Standards and recommended practice help the OEMs, giving them a handhold for testing.
In an ideal case, implementing an environmental testing programme would enable a company to reduce product development time, theoretically reducing costs at the same time.
Key lessons learned
Our key lessons learned are linked to harsh environment testing of equipment used in the energy transition:
1. Cold starts of critical electrical-mechanical components in wind turbines, such as transformer oil pumps, gear boxes and drive trains, are essential to be tested. This need has become higher as a consequence of a few offshore wind energy trends:
- power rating and power density requirement have been increasing (making it more important to choose the best cooling type),
- increasing voltage levels (from 66 kV to 132 kV),
- a shift towards more distant locations in harsher environments and climates, onshore and offshore,
- the growing importance of reliability, availability, maintainability and safety (RAMS),
- the upcoming drive of sustainability, which is responsible for a shift to bio-degradable di-electric fluids.
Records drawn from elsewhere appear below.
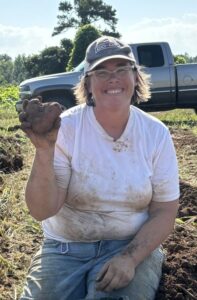 Josephine with another "heart" potato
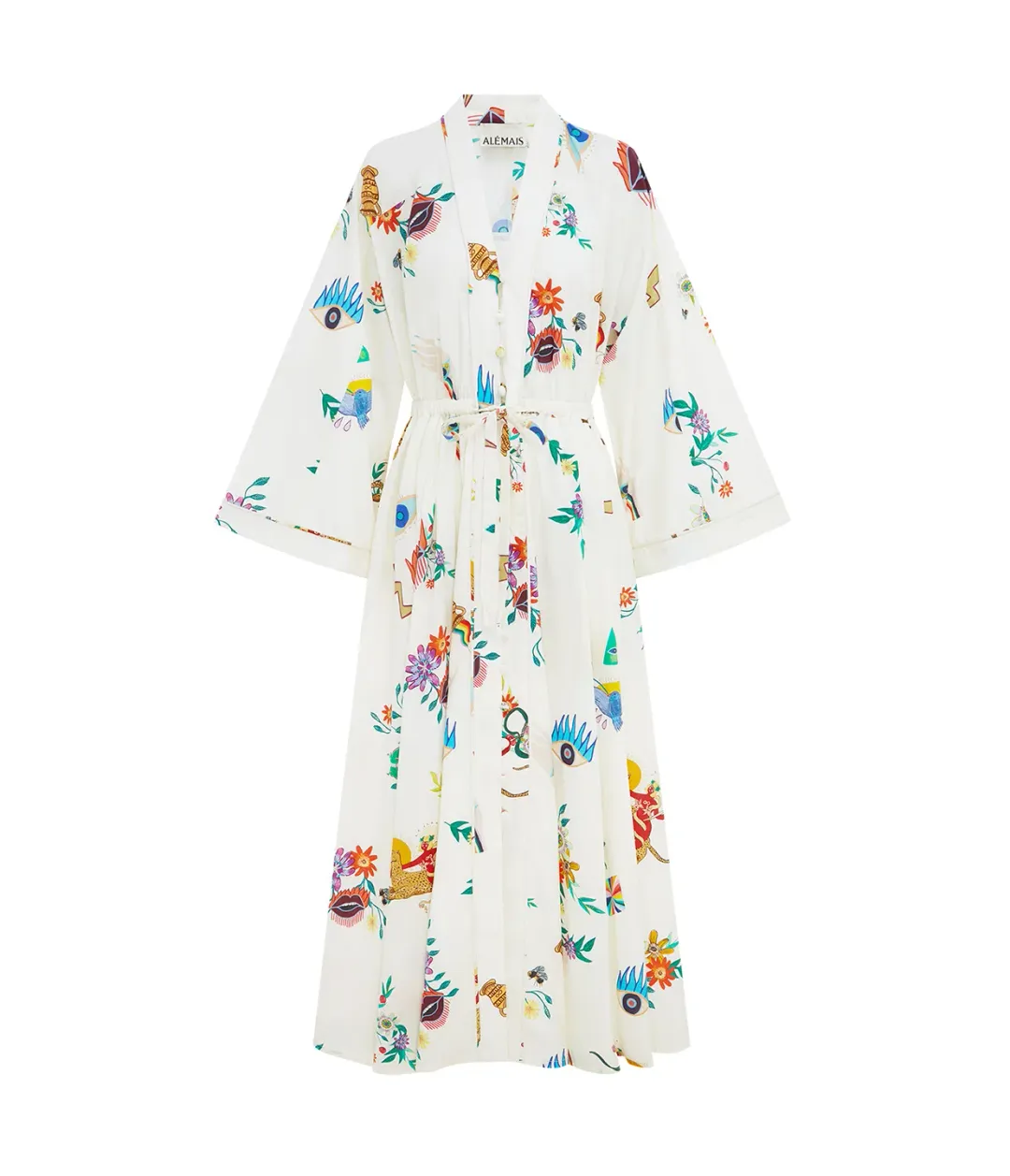 Alemais Meagan Cotton Poplin Kaftan Dress Cream Multi Size 14 for rent on The Volte - main image
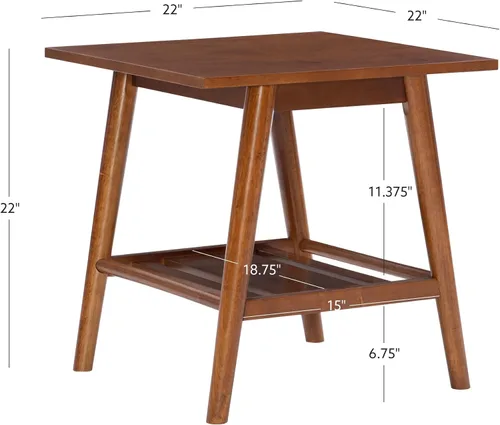 Vista 3 de Linon Melissa Mid-Century - Mesa auxiliar de nogal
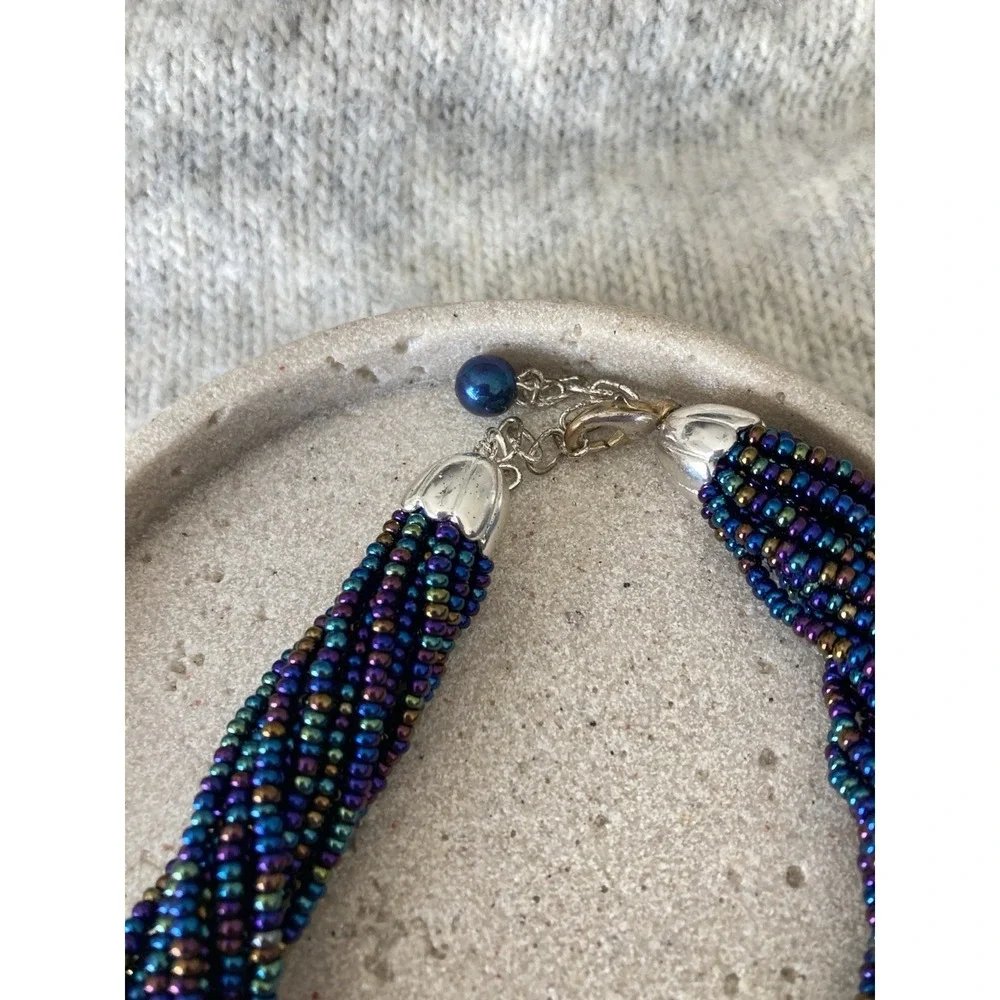 Iridescent Seed Bead Necklace‎ Multi Strand Twisted Peacock Blue Purple Chunky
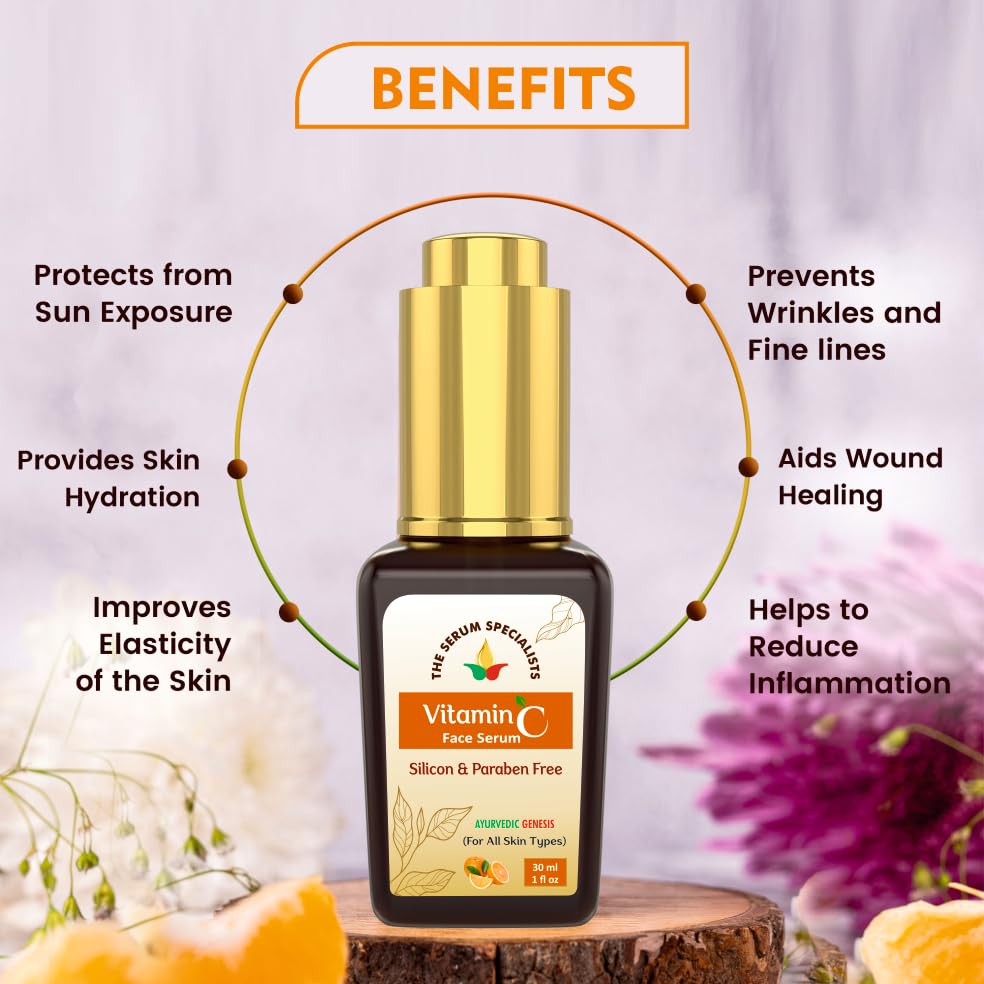 Image of Vitamin C Face Serum For Glowing Skin | Helps In Dark Spots Reduction & Provides Moisturization | Glowing & Brightening Skin | 100% Vegan All Skin Types - 30ml
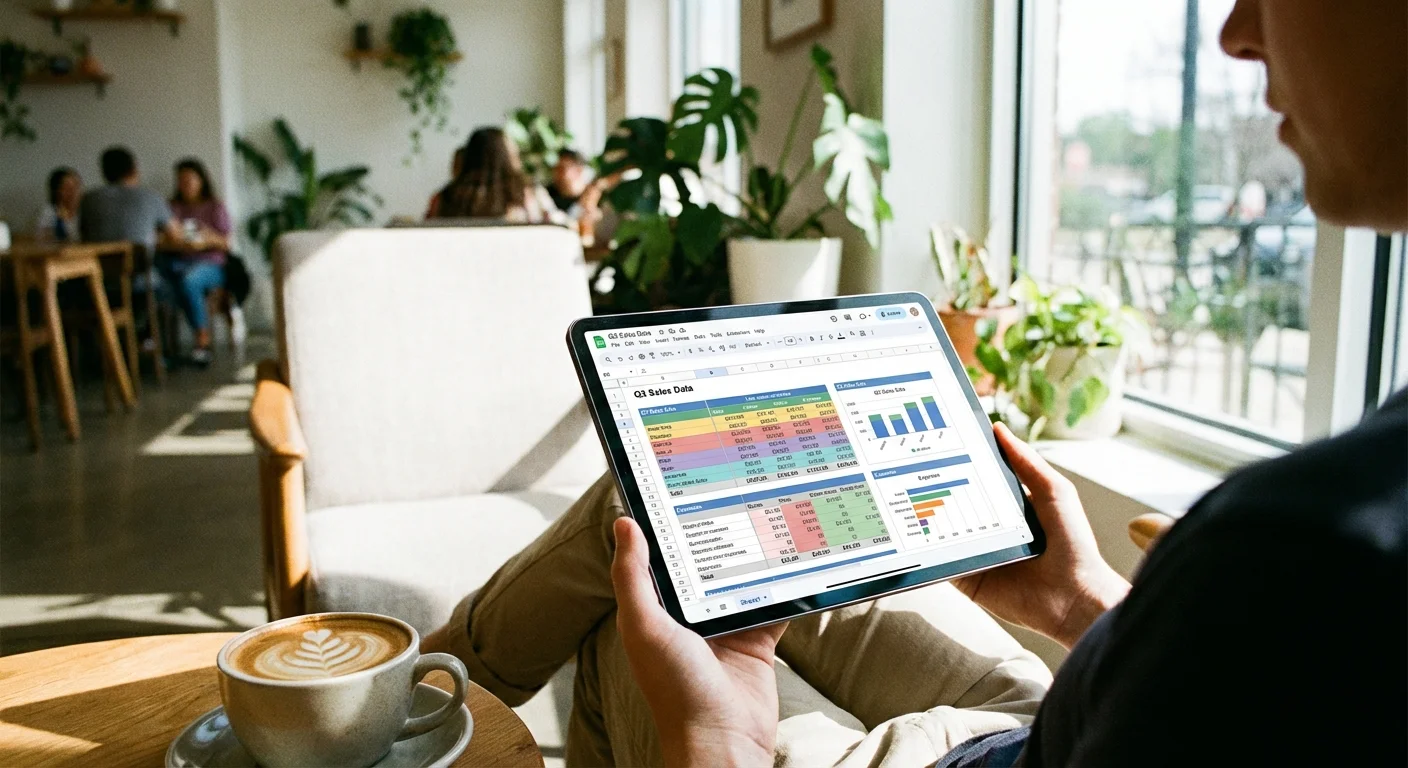 A person reviewing a digital spreadsheet on a tablet in a bright cafe, focusing on income tracking.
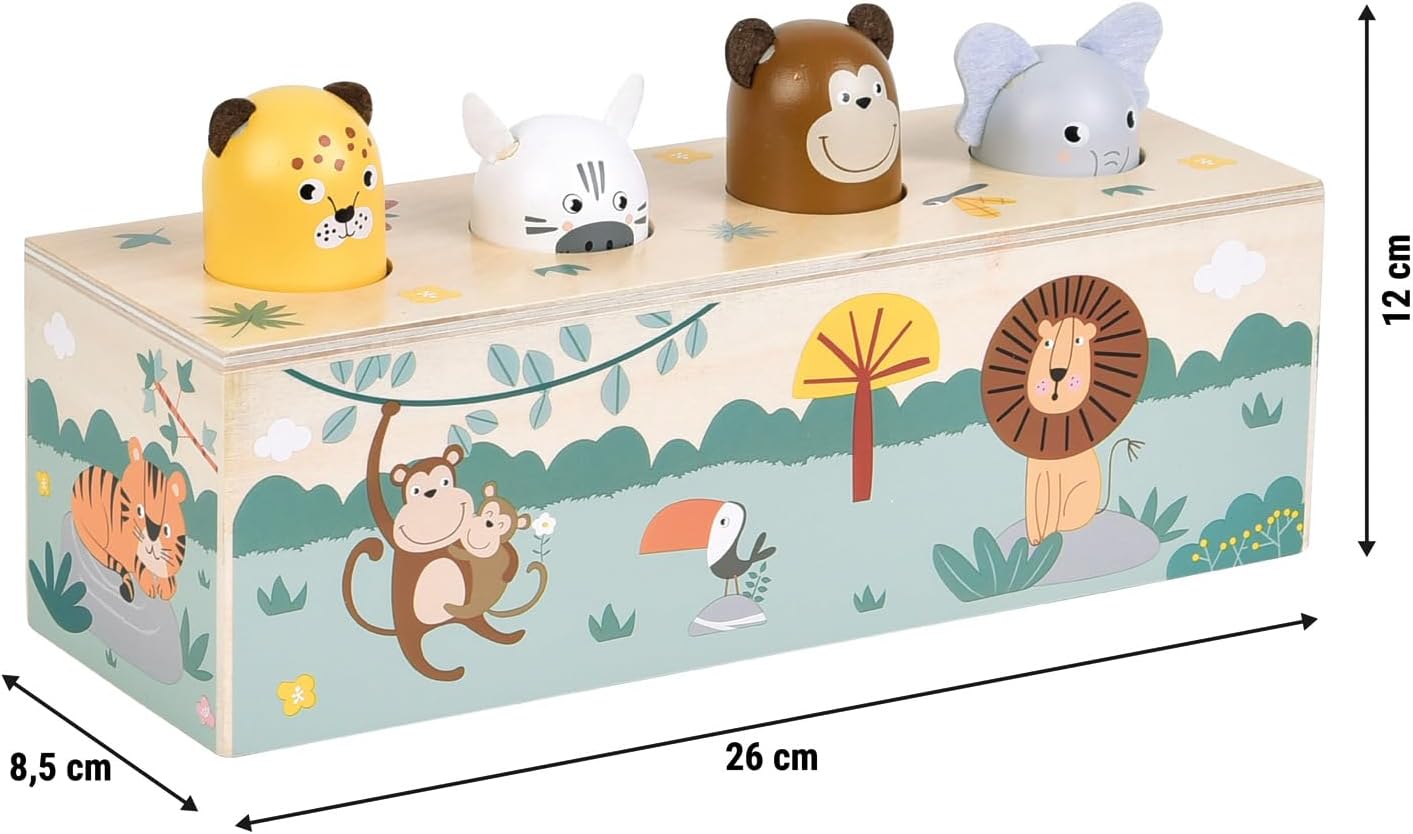 small foot Dierengeluiden duwspeelgoed 'Safari', FSC-gecertificeerd hout, 4 dieren met geluid en pop-up-actie, vanaf 1 jaar, 12757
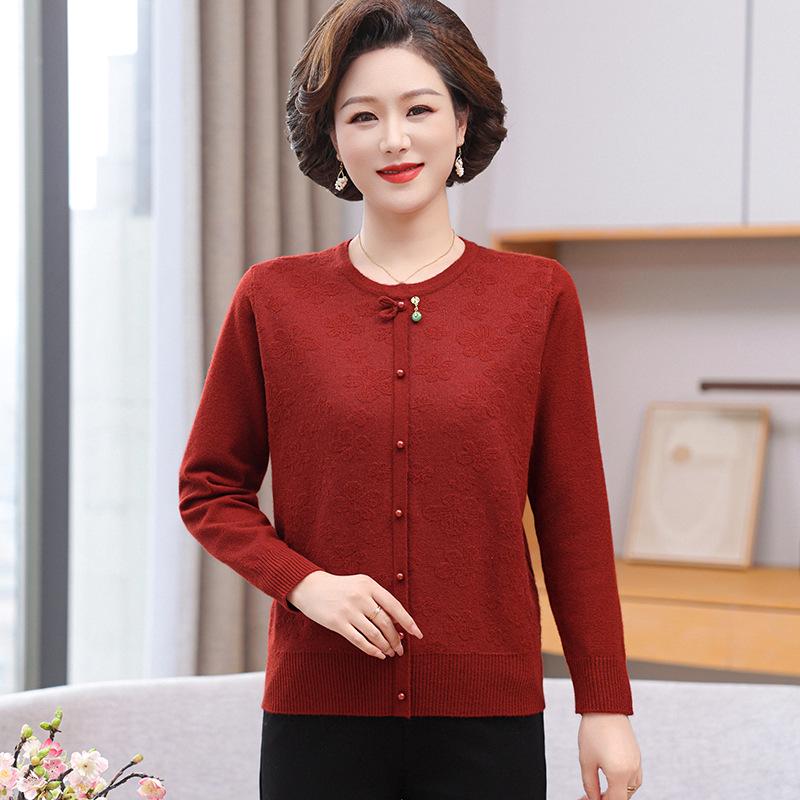 

Chinese Style Knitted Cardigan: 2026 Spring & Autumn Fashion for Middle-Aged and Elderly Women L (approximately 53-60 kg)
Test case in the climate chamber: 15-MVA offshore wind transformer at -25 °C
The focus of a test campaign, ordered by Siemens Energy, was on validation of cold-start-up scenarios down to 25 °C, to improve the cold-start procedure and to reduce waiting time after a cold period, using flame-retardant, biodegradable, insulating fluid. During the test project, the transformer was set up in the large climate chamber for three weeks at a temperature of -25 °C. An external cooling circuit of 500 kW was provided to cool the transformer and its integrated heat exchangers. In addition, an external 2-MVA power supply with a variable voltage between 3 kV and 11 kV was provided. Sirris conducted several 24-hour cold-start tests on the test rig, supervised by Siemens Energy.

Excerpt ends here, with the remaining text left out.